In 2008, Anna Carolina wrote the following about how she and her family were treated after a family member was incarcerated:
“….You are left shunned and isolated as if you are in your own prison cell. After you have endured the arrest; news coverage; trial and the consequent incarceration, you are lucky you have any of your family and old friends. Regardless of their guilt or innocence the presumption of innocence is never acknowledged. The victim’s rights groups rally around the victim and everyone lends their support and comfort. While you are alone, confused, scared, suffering and watching your world fall apart.”
DOES ANYONE CARE about the voices never heard?
Family members of the perpetrator cling together, praying, hoping for the light at the end of the tunnel. They are heartbroken by the family members that never stood behind them. They have forgotten their loved one. They are hurt by society that looks down on families of inmates. They are destroyed by all the negative press and publicity. They are let down by the people they thought were their friends. They are sold out by a system that they thought was JUST. They trusted in the system to do what was JUST. You wish you could turn back time and hold that baby boy in your arms again!
How many families are there hurting as is my family? How many families are forgotten by society? I never knew about this hurt until I was launched into the internet. I thought we were all alone. I felt all alone. The pain associated with justice and prison leaves a devastating mark. Whether the person in prison is innocent or not, these families should receive the love and comfort as anyone else suffering such a loss. It is a great loss to that family and their loved ones. Their lives will never be the same; There are over two million of us in this country. We may not have the support of society, but we can support each other.

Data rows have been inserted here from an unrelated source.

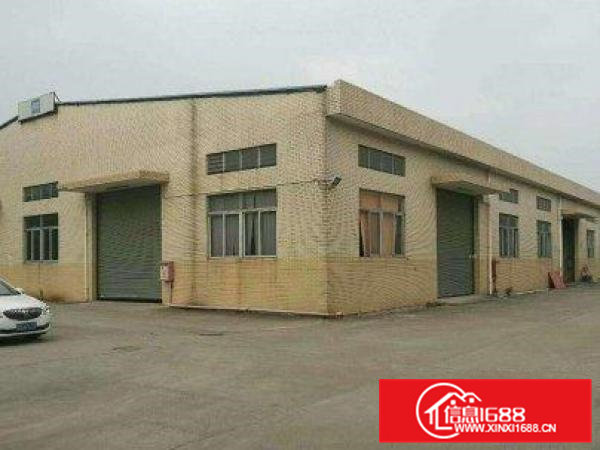 高埗钢结构单一层厂房3300平方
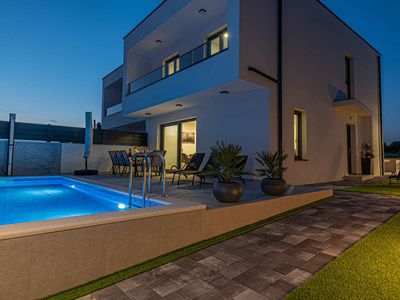 Ferienhaus für 8 Personen (140 m²) in Vodice 10/10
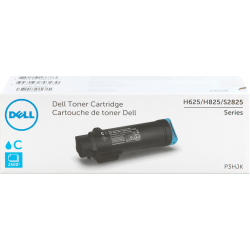 Dell P3HJK Cyan Toner Cartridge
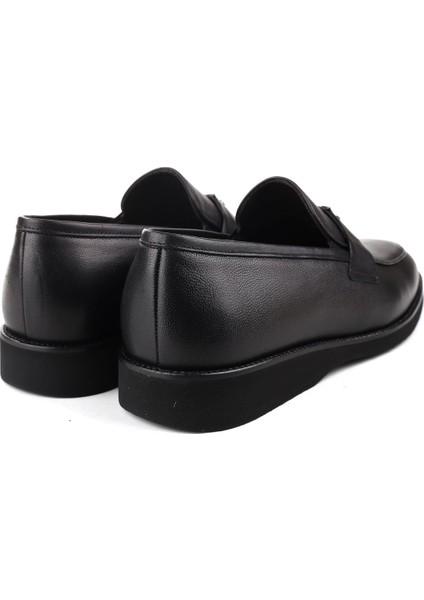 MNTN-24458 Deri Eva Taban Günlük Erkek Ayakkabı modelleri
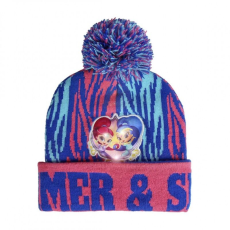  Gyermek SHIMMER &amp; SHINE téli világító sapka, 2200002569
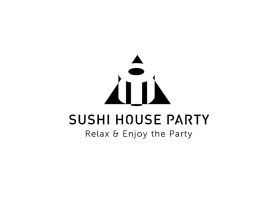 Sushi House Party entry by Mia Vučić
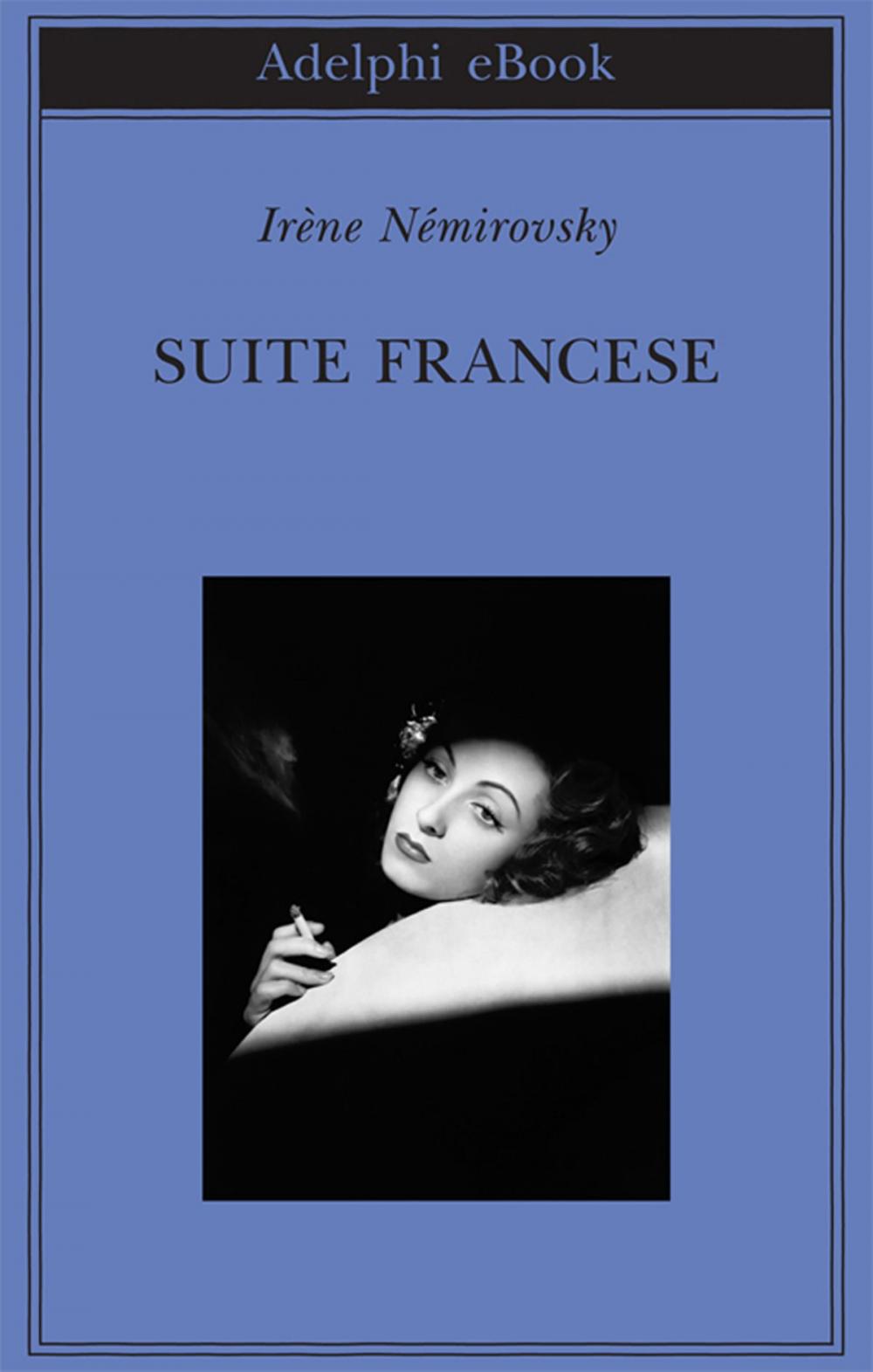 Big bigCover of Suite francese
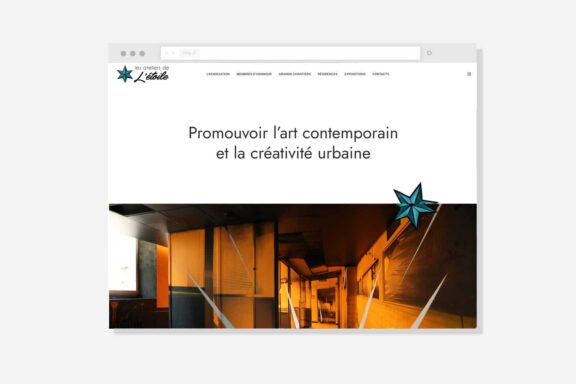 Les ateliers de l’étoile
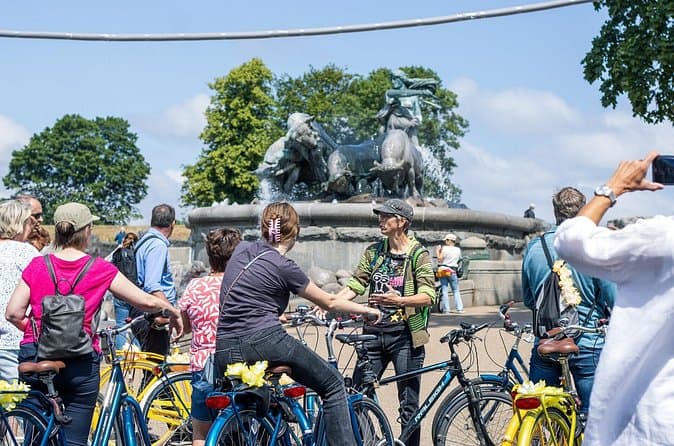Copenhagen Bike Tour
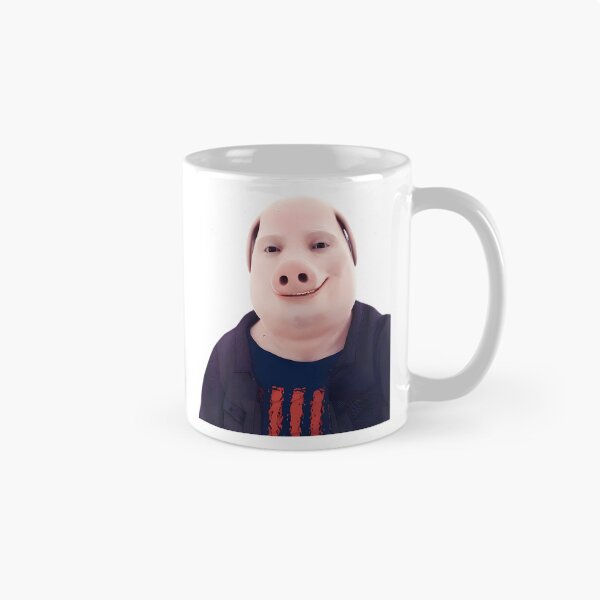Item preview, John Pork Smiling designed and sold by kree-cutter.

In February 2008, Cassandra Wells whose family member was also incarcerated stated, in part:
“Through this process we have discovered there is not much support for families in crisis when they are the families of perpetrators of crime. There are fabulous support programs for victims of crime and their families as there should be, but the other innocent victims are not catered for and there is a need for this hole to be filled….”
Society deems that the offender, having committed the crime is no longer entitled to family and we the family of the perpetrator is often viewed as strange if we stay together or deserve no support as we are just as bad as the person who committed the crime.
This socially unacceptable reason for family separation compounds the grief process for all involved, especially the innocent children. They often do not understand what their parent has done. They ask: Why they did it? What did they do to make their parent commit the crime? Are they going to turn out the same as their parent? Many are embarrassed to share their pain at school in fear of being bullied or isolated and many do not want to add to the caring parent’s pain, so keep emotions close to themselves. This may then result in acting out behaviors or reclusive behaviors all because a family is not able to access the family support required to deal with such a situation.
In order to break family cycles of criminal behavior, society needs to not only invest in victim support programs but also in families of perpetrators support programs so that as a society we can start to see a decline in the statistics.”
It appears from the “lack of ink” and the lack of resources set aside regarding support for perpetrators’ families as victims, that we have become very myopic in the way we deliver services to victims. Will it ever change such that there is more of a balance? Not unless “guilt by association” is erased from the minds of an unenlightened public.
“The individual is capable of both great compassion and great indifference. He has it within his means to nourish the former and outgrow the latter.”